Ces accusations des étudiants ne sont pas les bienvenues chez le personnel du COUD qui les balayent d`un revers de main. "Si on a été obligés de faire appel à la police, c`est parce que la situation était grave. Des étudiants armés de barres de fer, de cailloux, d`objets tranchants ont fait irruption dans les locaux de la direction et menacé de brûler le personnel", explique, avec emphase, à la PANA, Iba Guèye, directeur du Centre des oeuvres universitaires de Dakar.

"Les étudiants exagèrent, on ne peut pas dire que ce sont les policiers qui ont brûlé les chambres, car parmi ceux qui ont été arrêtés, on a trouvé plusieurs personnes qui ne sont pas des étudiants", assure un travailleur du COUD, qui a requis l`anonymat.

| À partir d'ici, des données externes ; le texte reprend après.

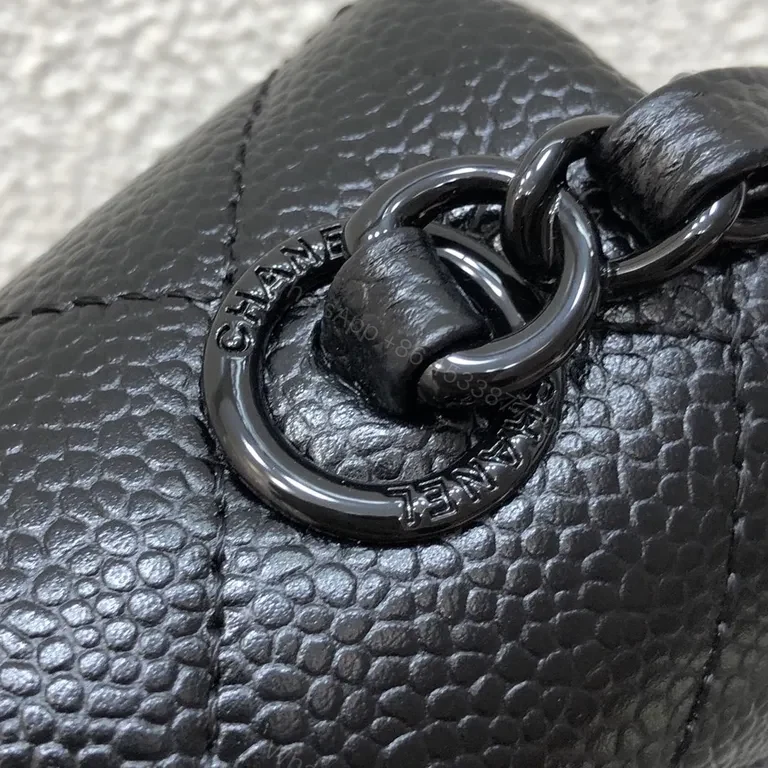 View 3 of Black Quilted Faux-Leather Chain-Shoulder Bag â€” Classic CC-Logo, Compact Elegance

"Il est certain que ce sont les politiciens qui ont envoyé des gens pour venir semer les troubles ici", ajoute son voisin d`à côté. L`idée que la grève des étudiants a des mobiles politiques a fait son chemin après la sortie du chef de l`Etat, Me Abdoulaye Wade, qui dès son retour de Paris, a clairement indiqué que les étudiants ont été manipulés par l`opposition.